1920年1月18日,毛泽东与湖南辅仁学社在京成员,集会商讨驱逐湖南军阀张敬尧的斗争,探求救国道路,会后在慈悲庵山门外大槐树前合影留念。据了解,上世纪七十年代末,山门外大槐树枯萎而死,为保留这一重要历史旧迹,公园移植了一棵与原古槐形状近似的老槐于此。如今,数十年来,慈悲庵山门外的古槐仍焕发着勃勃生机。
▍毛泽东(左四)在陶然亭慈悲庵的合影
1920年8月16日,天津“觉悟社”、北京“少年中国学会”等进步团体,在慈悲庵讨论“五四”以后革命斗争的方向以及各团体联合斗争的问题。早在1918年时,在王光祈、李大钊的介绍下,毛泽东便加入了“少年中国学会”,尽管召开此次会议时,毛泽东已离开北京,但通过多方渠道,他仍然能吸收到新的营养。
毛泽东第二次来京之后,与李大钊、邓中夏等人建立了更为密切的联系,毛泽东还特地去拜访了李大钊,向他汇报了湖南青年运动的情况。李大钊为进一步引导毛泽东走上马克思主义道路,特意向他推荐了一批有关共产主义和俄国十月革命的中文书籍,其中有马克思、恩格斯的《共产党宣言》节译本和柯卡普写的《社会主义史》等。
受李大钊的影响,毛泽东对布尔什维克主义有了越来越浓厚的兴趣,他留心搜寻和阅读当时能够找到的为数不多的中文版马克思主义书籍。那时,和毛泽东交往密切的邓中夏、何孟雄、罗章龙等在“亢慕义斋”油印了刘仁静翻译的《共产党宣言》。毛泽东于1920年2月间给在湖南的陶毅的信中说:“即我,历来很懵懂,很不成材,也狠(很)少研究。这一次出游,观察多方面情形,会晤得一些人,思索得一些事,觉得这几种问题,很有研究的价值。”李大钊推荐的这些书,对毛泽东世界观的转变产生了极为深刻的影响,促使他树立起了马克思主义的信仰。

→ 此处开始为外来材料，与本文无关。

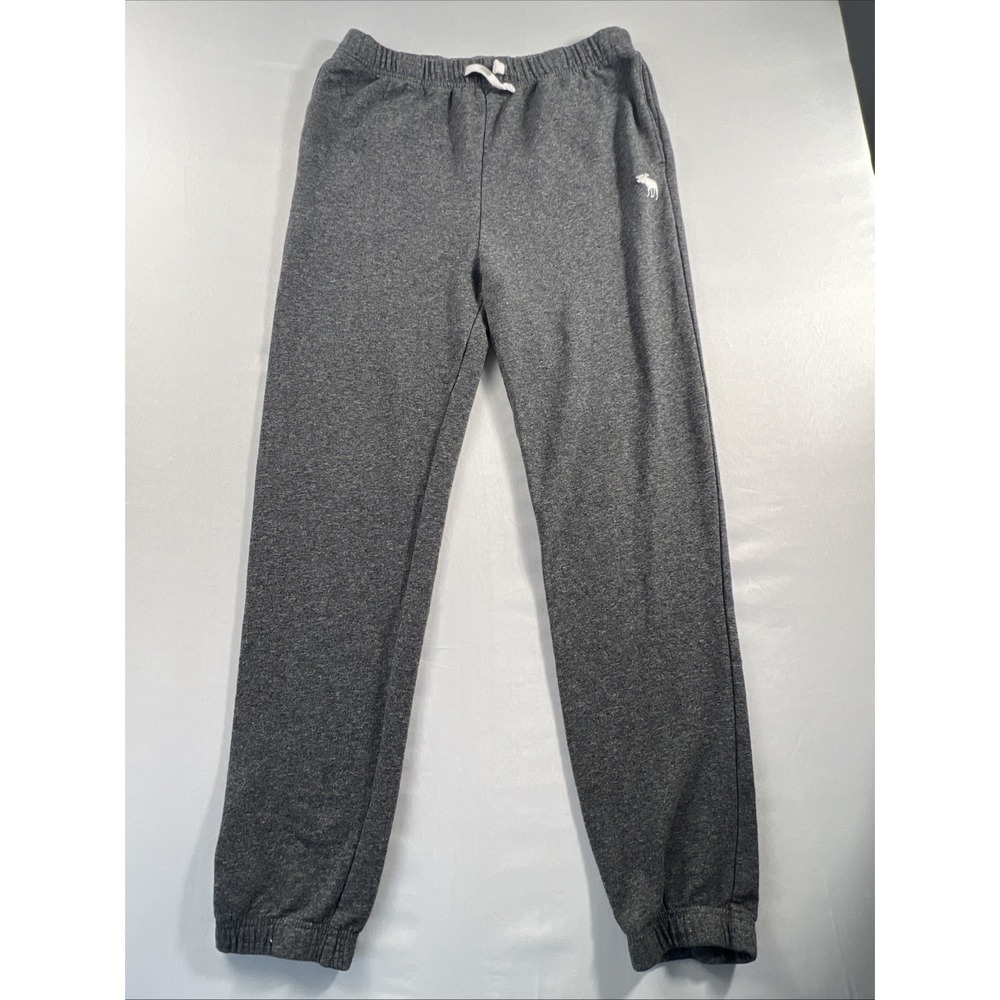 Abercrombie Fitch Pants Youth 13-14Gray Fleece Jogger Sweatpants Drawstring Logo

1920年5月5日,毛泽东抵达申城。这次他在上海逗留两个月,其间除了想方设法为赴法勤工俭学的湖南青年筹集旅费外,还多次前往陈独秀寓所(今南昌路100弄2号,即《新青年》编辑部)拜会请教,陈独秀同毛泽东谈了很多马克思主义的内容,并以一个共产主义者炽热的革命情怀感染了毛泽东。
十多年后,他同国际友人斯诺谈话时还提到了此次谈话对他一生的深刻影响:“陈氏的坚决信仰深刻印在我的脑海里,成为我一生转变的原因。”“到1920年夏,在理论上,而且在某种程度的行动上,我已成为一个马克思主义者,而且从此我也认为自己是一个马克思主义者了。”